Since 2001, it’s been a “general deregulatory festival at the Supreme Court,” according to Chemerinsky, who says that conservative efforts have taken a three-tiered strategy of unification, or removing the barrier between different types of speech; intensification; and expansion, or widening the scope of what is considered speech. Chemerinsky says this trifecta has made it harder for the government to do its job of ensuring a regulated marketplace.
“This idea that there is some sort of nefarious plot… to undermine progressive legislation, I think that is a crazy conspiracy theory,” said Larry Alexander, professor at USD School of Law and member of the Federalist Society, who took a contrarian approach to the other panelists’ views.
“To say the rights bestowed to Americans within the Constitution face grave danger, as seen on this event flyer… I find that risible, verging on hysterical,” said Alexander.
“No one is saying it’s a nefarious plot, but what we do have is a court that’s pro-business at the expense of labor, and employees. At the expense of consumers,” said Chemerinsky.
He offered Citizens United v. Federal Election Commission as an example of a Supreme Court case in which the free speech clause was invoked in campaign financing. The Court reversed precedent and ruled the clause prohibited the government from restricting independent expenditures for political communications by corporations, including non-profit corporations, labor unions, and other associations. Moderate conservative Justice O’Connor had recently been replaced by the more conservative Justice Alito when this case was decided.

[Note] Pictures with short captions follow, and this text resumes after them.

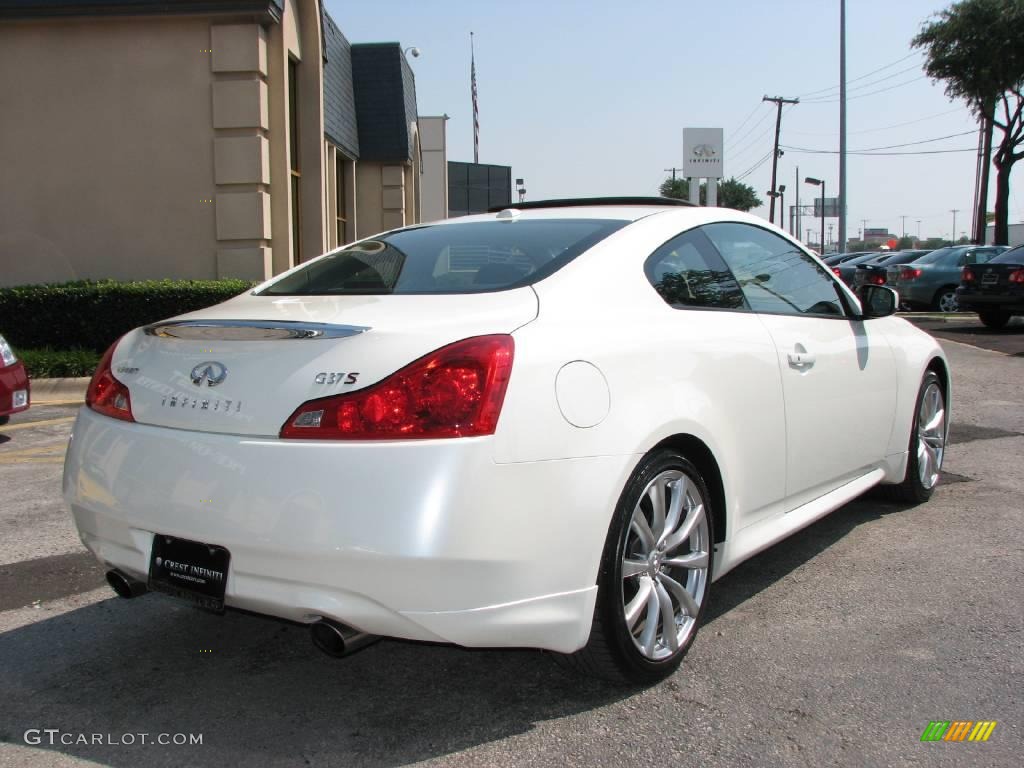 2008 G 37 S Sport Coupe - Ivory Pearl White / Graphite photo #6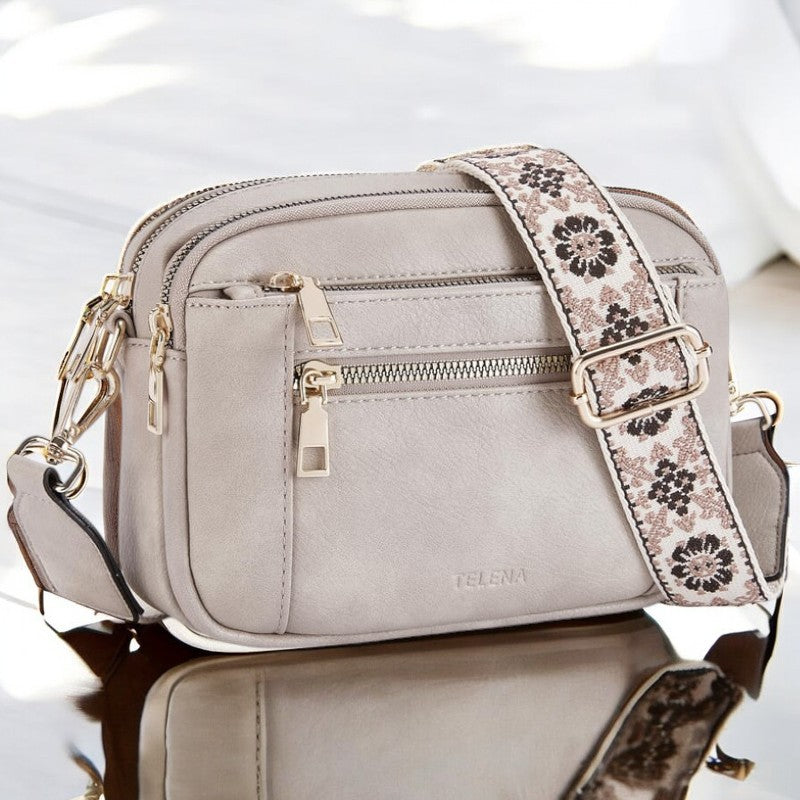 Olivia Luxe Leather Shoulder Bag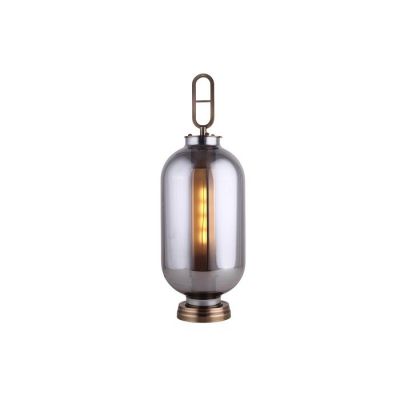 GYLUS | Lámpara de mesa smoky (Ø 22 x H 64)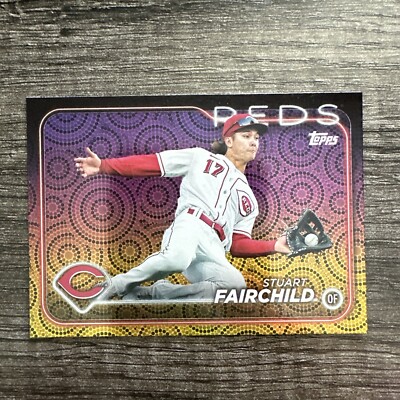 2024 Topps Series 2 Stuart Fairchild Holiday Parallel #673 - Reds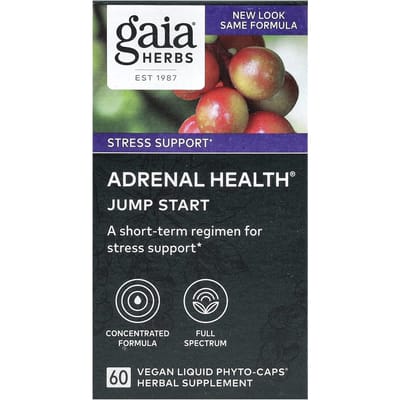 Gaia Herbs, Adrenal Health®, Quick Start, 60 Vegan Vloeibare Fyto-Capsules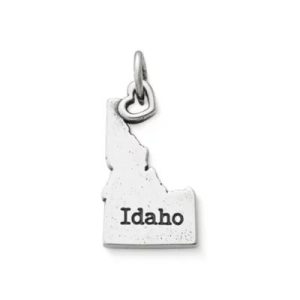 My "Idaho" Charm in Sterling Silver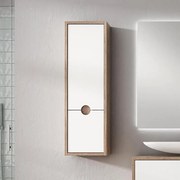 Colonna per mobile bagno Kompas VISOBATH 2 ante P 25 x L 30 x H 96 cm bianco laccato mdf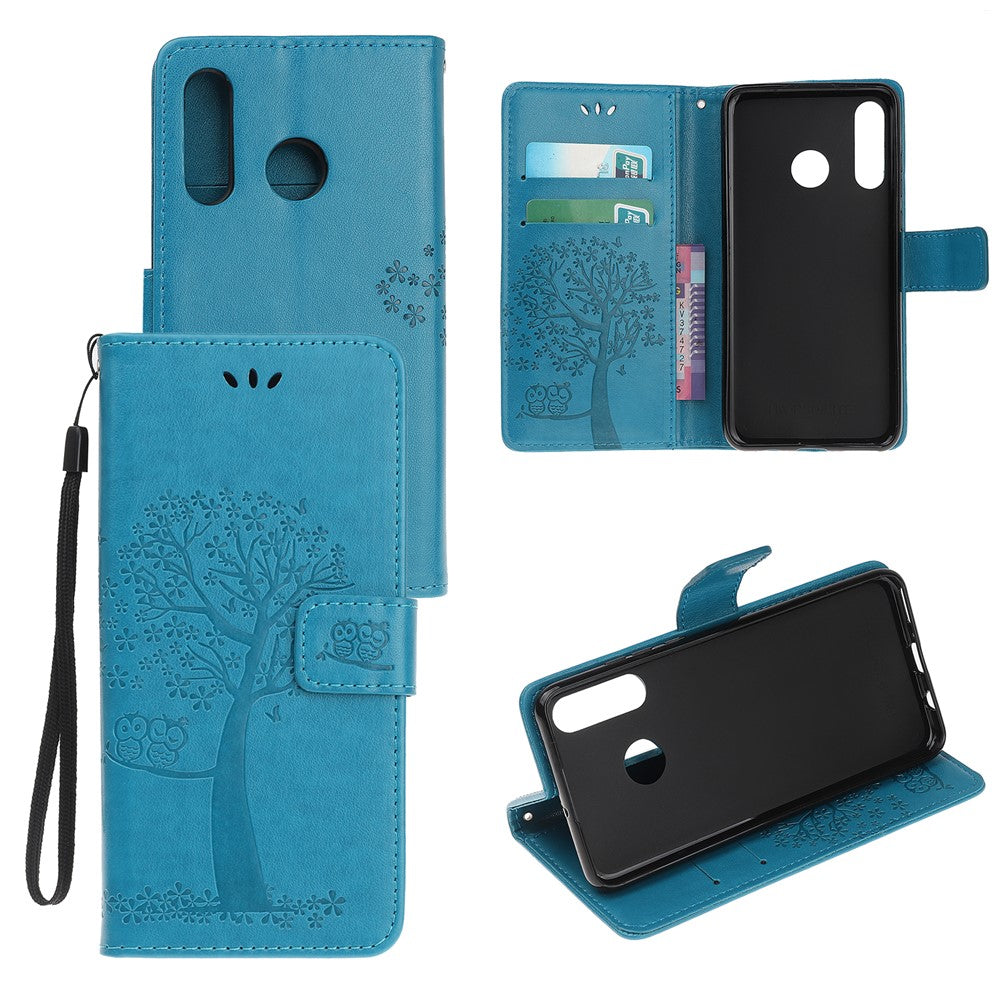 Imprint Tree Owl Leather Wallet Case for Huawei P Smart Plus 2019 / Enjoy 9s/ Maimang 8 / nova 4 lite / Honor 10i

“It’s wrong to equate spending in an election campaign with speech,” said Chemerinsky, who disagrees with giving corporations First Amendment rights. “This is not regulation of speech as we normally would use the word… Spending money is a form of conduct. Corporations shouldn’t get free speech; corporations don’t have autonomy.”
Alexander disagreed, believing that it is valid to equate campaign spending with speech “when you spend money to purchase speech, like buying an ad in the New York Times.” He specified that in the Citizens United case both corporations and unions were given the same First Amendment rights and stated it is unions who outspend corporations in campaign contributions.
Panelists pointed to the decisions in NIFLA v. Becerra (reproductive rights), Sorrell v. IMS Health (consumer protection), and Janus v. AFSCME (labor) to further illustrate how, as Ted Mermin, interim executive director for the Center for Consumer Law and Economic Justice put it, “free speech is intersecting with commercial speech… toward the deregulation of business.”
“It’s all about the deregulation agenda,” Mermin said, as panelists touched on the idea that the Free Speech Clause could have significant implications in other legislative areas.
“The rhetoric is overheated,” Alexander said, arguing that it is wrong to identify Supreme Court justices as “corporate right-wing tools.” He also stressed that he “prefer[s] judges not in the role of platonic guardians.”
But the progressive members of the panel argued, “Ideology is driving this.” Chemerinsky said, “It’s not a coincidence that each Supreme Court case cited was a 5-4 decision.”